Friday, 6 January 2017

Dry January and sponsored marathon running

On Tuesday, presumably to break me into my first day back at work gently, I was asked to comment on Dry January for Radio 5’s Drive Time programme.  I’d been asked because they were looking for a slightly sceptical viewpoint, and although I was a little concerned that this might not fit terribly well with my Public Health Dorset role, the team were actually supportive of me offering a bit of balance in the discussion, particularly as I’m more probably more moderate than many of the alternative commentators available.  Unfortunately for Five Live, this meant that the discussion perhaps wasn’t the most electric you might hear – though I did interrupt another contributor at one point, for which I can only apologise.

As I say, it’s might not be the most interesting 20 minutes of radio you’ll ever hear, but if you want to listen to it, I’ve copied it to my SoundCloud account here: https://soundcloud.com/will-haydock/dry-january-discussion-radio-5-whole-segment

I don’t want to exactly re-hash the piece here, but I wanted to outline my thoughts a bit more fully and clearly, and encourage a more involved debate either here or on Twitter.  (And something of a higher quality than this bizarre article pointed out to me by James Morris.  If you want a slightly different - and better - discussion of Dry January, you couldn't do much better than listening to this piece, including a contribution from James Nicholls.  It starts at around 15 minutes in.)

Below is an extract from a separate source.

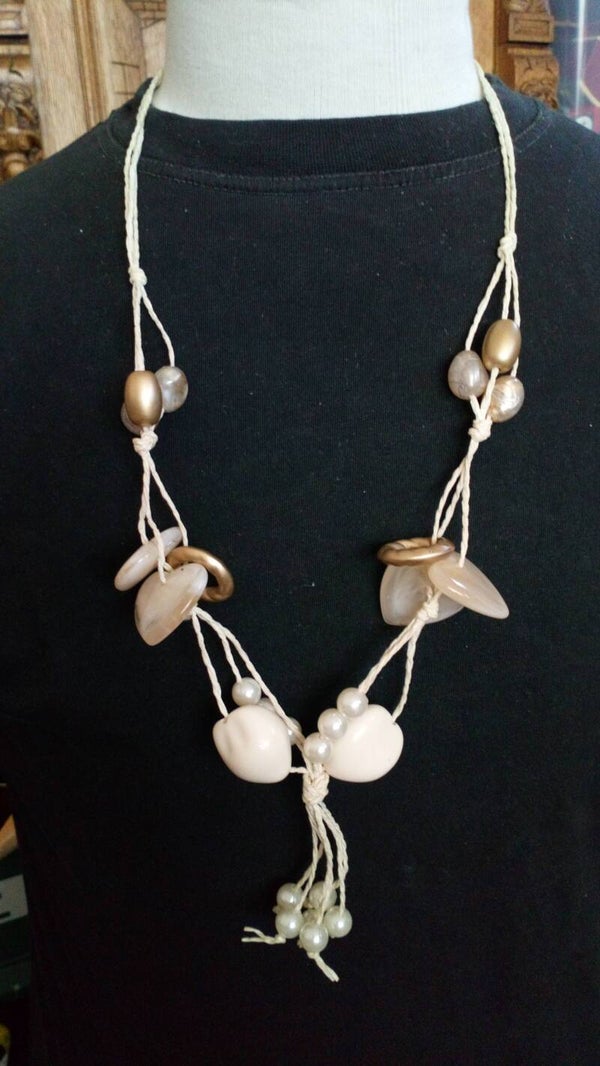 Ketting wit koort met stenen en imitatieparels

The first point I’d make is that it’s good anybody is talking about the possibility of going alcohol free.  Personally, I enjoy drinking and I don’t think health should necessarily be people’s number one priority when choosing how to live their lives.  But I do think we sometimes default to drinking alcohol when there’s no real reason to, and it might be worth reflecting on that occasionally – even if we then choose to carry on regardless.  Dry January opens out that possibility even for those of us who aren’t signed up.  By other people around me mentioning they’re drinking less, or not drinking at all, I might think twice myself (for better or worse, but at least for variety, and for the simple benefit of thinking at all).  And as I’ve pointed out a few times on this blog, lots of research – including my own – can be crudely summed up as proving that we tend to be pretty good at conning ourselves that it’s other people’s drinking that’s problematic, not our own.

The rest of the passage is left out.